Yoo’s teaching career began after several years of working as a community advocate for low-income minority women in New York City. 

The move to education wasn’t much of a change for her. 

“Social change happens in many parts of our lives,” she says, “and change begins with education.”

A journey to teaching

She moved to Philadelphia to take part in the now-defunct literacy intern program with the School District of Philadelphia. That led to a year of teaching at Rowen Elementary in West Oak Lane and a year at Moore Elementary in the Northeast. 

After two years, she had the chance to transition to Germantown Friends School, where her children were already attending school.
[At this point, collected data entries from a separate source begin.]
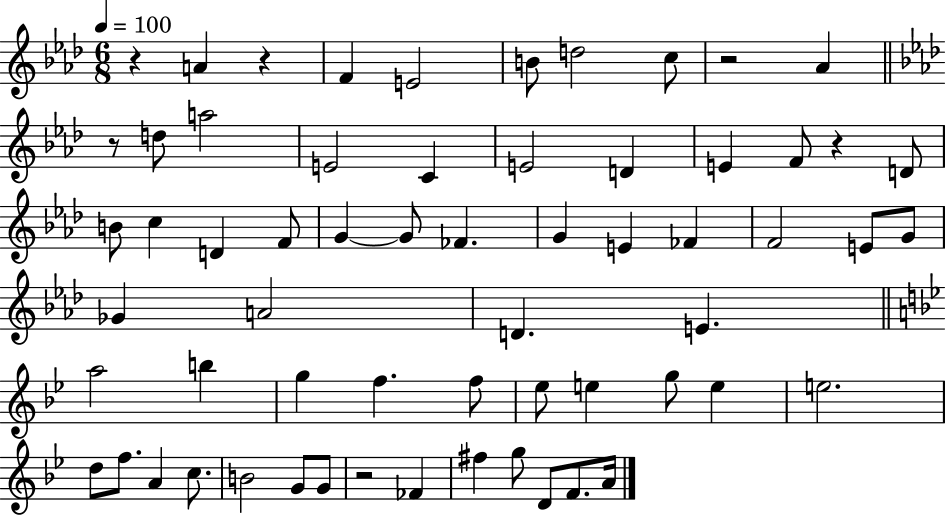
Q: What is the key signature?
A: AES major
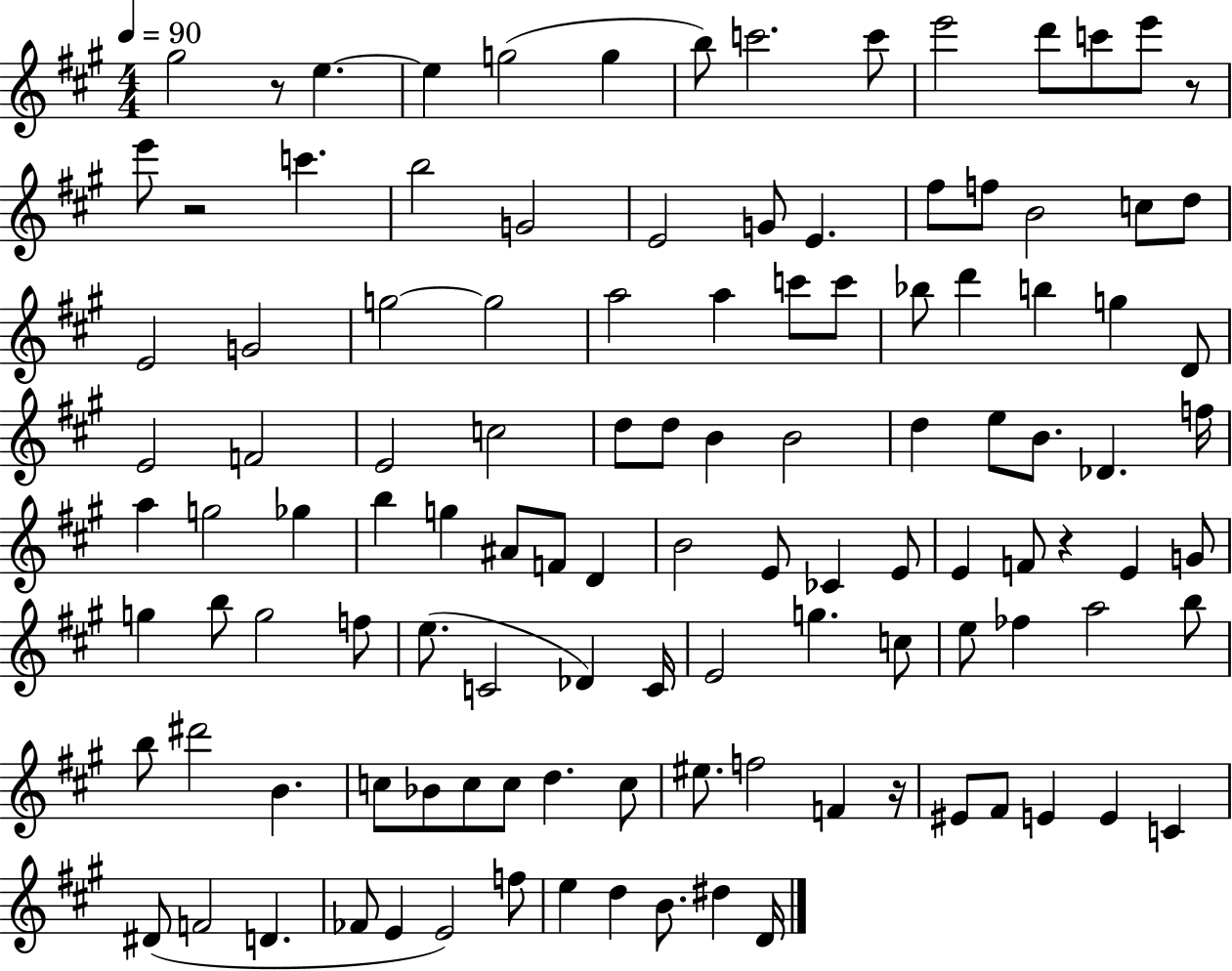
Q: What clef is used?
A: treble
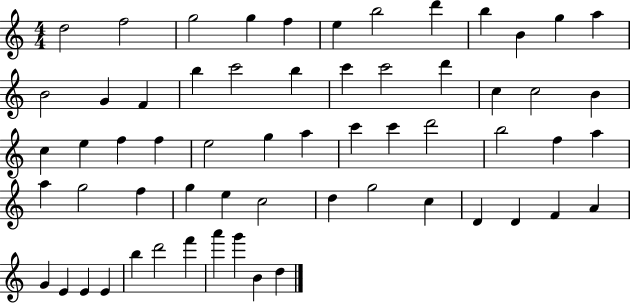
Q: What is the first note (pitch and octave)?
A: D5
The difference between the two worlds was stark. 

“I knew, but I didn’t know just how unequal schools could be,” she says of the difference between the Quaker school and public school. 

“We are doing a disservice to children in the Philadelphia School District because we don’t have the resources,” she adds, noting that the teachers she met while working for the district are the “most devoted and hardworking” teachers she’s ever known. 

At Germantown Friends, she feels like she has the chance to teach at a school with a mission she believes in. 

“The idea that I could be in a community where people share and have a common vision of what education could be is what drew me here as a parent and eventually as a teacher,” she says. 

Frazier, the grandmother who nominated Yoo, adds that she strives to instill values of “peace and fairness” into all of her students.

“They are becoming who they are,” says Yoo of her work with first graders. “It’s a responsibility.”